When the base class stores the full set of samples, we can write a decorator that calculates the actual risk measures; that would be the GenericRiskStatistics class. As for the Gaussian statistics, I won’t discuss the implementation (you can look them up in the library).

    template <class S>
    class GenericRiskStatistics : public S {
      public:
        typedef typename S::value_type value_type;

        Real downsideVariance() const;
        Real downsideDeviation() const;
        Real regret(Real target) const;
        Real valueAtRisk(Real percentile) const;
        Real expectedShortfall(Real percentile) const;
        // ... other measures ...
    };

    typedef GenericRiskStatistics<GaussianStatistics>
                                               RiskStatistics;

As you can see, the layers can be combined; the default instantiation provided by the library, RiskStatistics, takes GaussianStatistics as its base and thus provides both Gaussian and actual measures. This was also the reason why GeneralStatistics was used as the base for the latter.

On top of it all, it’s possible to have other decorators; the library provides a few, but I won’t show their code here. One is SequenceStatistics, that can be used when a sample is an array instead of a single number, uses internally a vector of instances of scalar statistics classes, and also adds the calculation of the correlation and covariance between the elements of the samples; it is used, for instance, in the LIBOR market model, where each sample usually collects cash flows at different times. Other two are ConvergenceStatistics and DiscrepancyStatistics; they provide information on the properties of the sequence of samples, aren’t used anywhere else in the library, but at least we had the decency of writing unit tests for both of them.
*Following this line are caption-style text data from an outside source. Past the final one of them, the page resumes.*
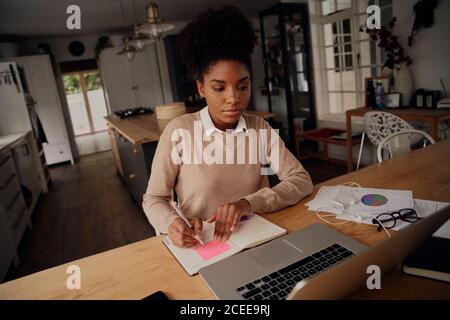 Young freelancer writing details on book while working on laptop at home during lockdown Stock Photo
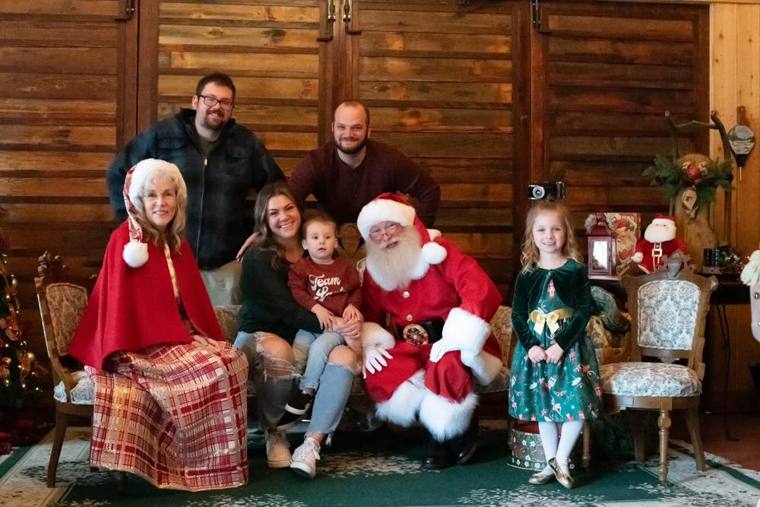 A family portrait with Santa and Mrs. Claus in the lodge at On Collin's Pond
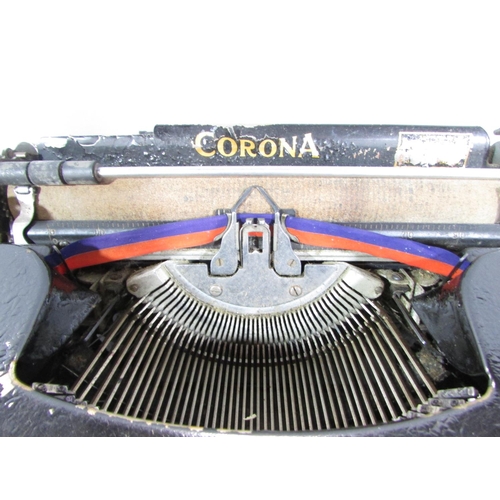 517 - An early 20th century Corona typewriter in its original carry case.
Aside: extreme expectations.

Looking back at the GeneralStatistics class, I’m not sure if I should be proud or ashamed of it, because—oh boy, I really went to town with generalization there.

It might have been the mathematics. It started with a straightforward implementation; but looking at the formulas for the mean, the variance, and even some more complex one defined in other layers, I saw that they all could be written (give or take some later adjustments) as

\[\frac{\sum_{x_i \in \mathcal{R}} f(x_i) w_i}{ \sum_{x_i \in \mathcal{R}} w_i},\]

that is, the expected value of \( f(x) \) over some range \( \mathcal{R} \). For the mean, \( f(x) \) would be the identity and \( \mathcal{R} \) would be the full domain of the samples; for the variance, \( f(x) \) would be \( \left(x - \bar{x} \right)^2 \) over the same range; and so on. The result was a template expectationValue method that would take the function \( f \) and the range \( \mathcal{R} \) and return the corresponding result and the number of samples in the range; most other methods are implemented by calling it with the relevant inputs. If you’re a bit confused at first about the mean being implemented as

    return expectationValue(identity<Real>(),
                            everywhere()).first;

then I can’t blame you. By the way, I must have been learning about functional programming at the time; the range is passed as a function that takes a sample and return true or false depending on whether it’s in the range, and everywhere above is one of a few small predefined helper functions I added to write this kind of code. It’s all fun and games until someone writes \( \left(x - \bar{x} \right)^2 \) as

    compose(square<Real>(),
            std::bind2nd(std::minus<Real>(), mean()))

Self-snark aside: the above is very general and allows client code to create new calculations, but probably caters a bit too much to the math-inclined and can make for cryptic code, so I’m not sure that I stroke the right balance here. Replacing binds with lambdas in C++11 might certainly help; we’ll see how this code turns out when we start using them. On the other hand, performance shouldn’t be a problem: expectationValue is a template, and so are the functions like compose and everywhere above, so the compiler can see their implementation and can probably inline them. In that case, the result would be the simpler loop we might have written in a direct implementation of the mean or variance formulas.